Hayatın kesrete vahdet vermekle dağılmaktan kurtarmasını ve bunun Allah’ın "hayat" sıfatının baki olduğunu göstermesini izah eder misiniz?
Değerli Kardeşimiz;
"Evet, bir hayat ki, onun bir lem’a-i cilvesi, mâruz-u fenave zeval olan eşya-yı kesireye bir vahdet verip bekaya mazhar eder ve dağılmaktan kurtarır ve vücudunu muhafaza eder ve bir nevi bekaya mazhar eder. Yani hayat, kesrete bir vahdet verir, ibka eder; hayat gitse dağılır, fenaya gider." (Mektubat, 20. Mektup, İkinci Makam)
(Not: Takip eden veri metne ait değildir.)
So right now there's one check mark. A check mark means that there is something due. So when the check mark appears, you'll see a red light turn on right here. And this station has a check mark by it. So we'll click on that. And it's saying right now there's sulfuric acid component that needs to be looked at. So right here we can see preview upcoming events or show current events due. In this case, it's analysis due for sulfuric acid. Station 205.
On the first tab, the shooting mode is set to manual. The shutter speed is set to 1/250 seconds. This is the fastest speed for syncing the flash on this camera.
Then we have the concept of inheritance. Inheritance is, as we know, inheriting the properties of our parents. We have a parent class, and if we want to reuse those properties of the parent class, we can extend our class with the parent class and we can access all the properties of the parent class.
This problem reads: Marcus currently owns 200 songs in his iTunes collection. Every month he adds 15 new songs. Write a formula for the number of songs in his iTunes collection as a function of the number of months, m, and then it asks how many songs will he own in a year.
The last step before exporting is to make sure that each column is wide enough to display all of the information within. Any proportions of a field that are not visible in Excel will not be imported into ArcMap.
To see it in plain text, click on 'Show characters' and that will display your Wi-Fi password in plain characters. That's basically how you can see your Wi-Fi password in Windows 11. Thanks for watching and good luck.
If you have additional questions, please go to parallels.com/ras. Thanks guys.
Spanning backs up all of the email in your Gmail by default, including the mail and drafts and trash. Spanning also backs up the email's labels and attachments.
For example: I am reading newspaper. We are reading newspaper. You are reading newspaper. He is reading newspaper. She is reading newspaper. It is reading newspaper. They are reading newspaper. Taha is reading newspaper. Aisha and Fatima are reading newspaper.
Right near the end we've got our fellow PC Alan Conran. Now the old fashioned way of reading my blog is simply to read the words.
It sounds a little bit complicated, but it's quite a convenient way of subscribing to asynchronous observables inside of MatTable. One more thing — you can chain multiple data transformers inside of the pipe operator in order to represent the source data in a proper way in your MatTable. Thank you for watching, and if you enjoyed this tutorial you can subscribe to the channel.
Önce bütün canlılardaki hayatın, Muhyi isminin birer cilvesi olduğu nazara veriliyor. Külliyatta, cilve kelimesi güneşin aynalardaki tecellileri için de kullanılıyor. Cenab-ı Hakk’ın mukaddes hayatı bir güneşe teşbih edildiğinde bütün hayatlar Muhyi isminin tecellisiyle meydana gelmektedir.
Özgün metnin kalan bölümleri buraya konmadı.